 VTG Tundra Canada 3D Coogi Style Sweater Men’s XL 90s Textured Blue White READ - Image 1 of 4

---

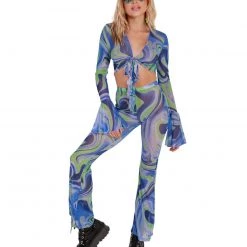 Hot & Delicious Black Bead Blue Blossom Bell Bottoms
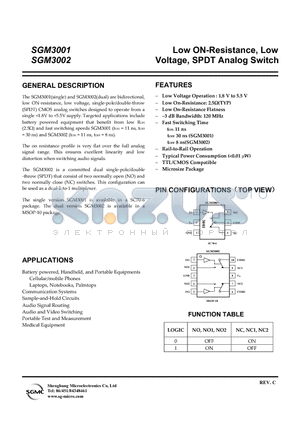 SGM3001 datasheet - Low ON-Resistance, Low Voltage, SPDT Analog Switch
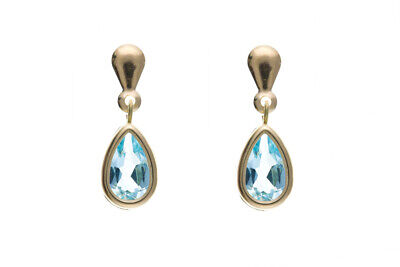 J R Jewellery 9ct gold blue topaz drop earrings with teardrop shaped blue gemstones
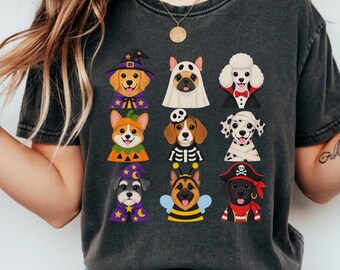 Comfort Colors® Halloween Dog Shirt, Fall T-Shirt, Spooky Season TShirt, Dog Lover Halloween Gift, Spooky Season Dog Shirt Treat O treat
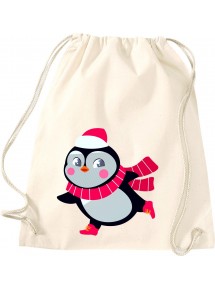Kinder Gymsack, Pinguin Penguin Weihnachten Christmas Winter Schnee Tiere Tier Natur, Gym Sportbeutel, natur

# EXERCISE DETAILS
Above are the records; return the lines in them from the one with "J R Jewellery" to the one with "Kinder Gymsack, Pinguin", inclusive, exactly and without images.

# RESULT BELOW
 J R Jewellery 9ct gold blue topaz drop earrings with teardrop shaped blue gemstones
 Comfort Colors® Halloween Dog Shirt, Fall T-Shirt, Spooky Season TShirt, Dog Lover Halloween Gift, Spooky Season Dog Shirt Treat O treat
Kinder Gymsack, Pinguin Penguin Weihnachten Christmas Winter Schnee Tiere Tier Natur, Gym Sportbeutel, natur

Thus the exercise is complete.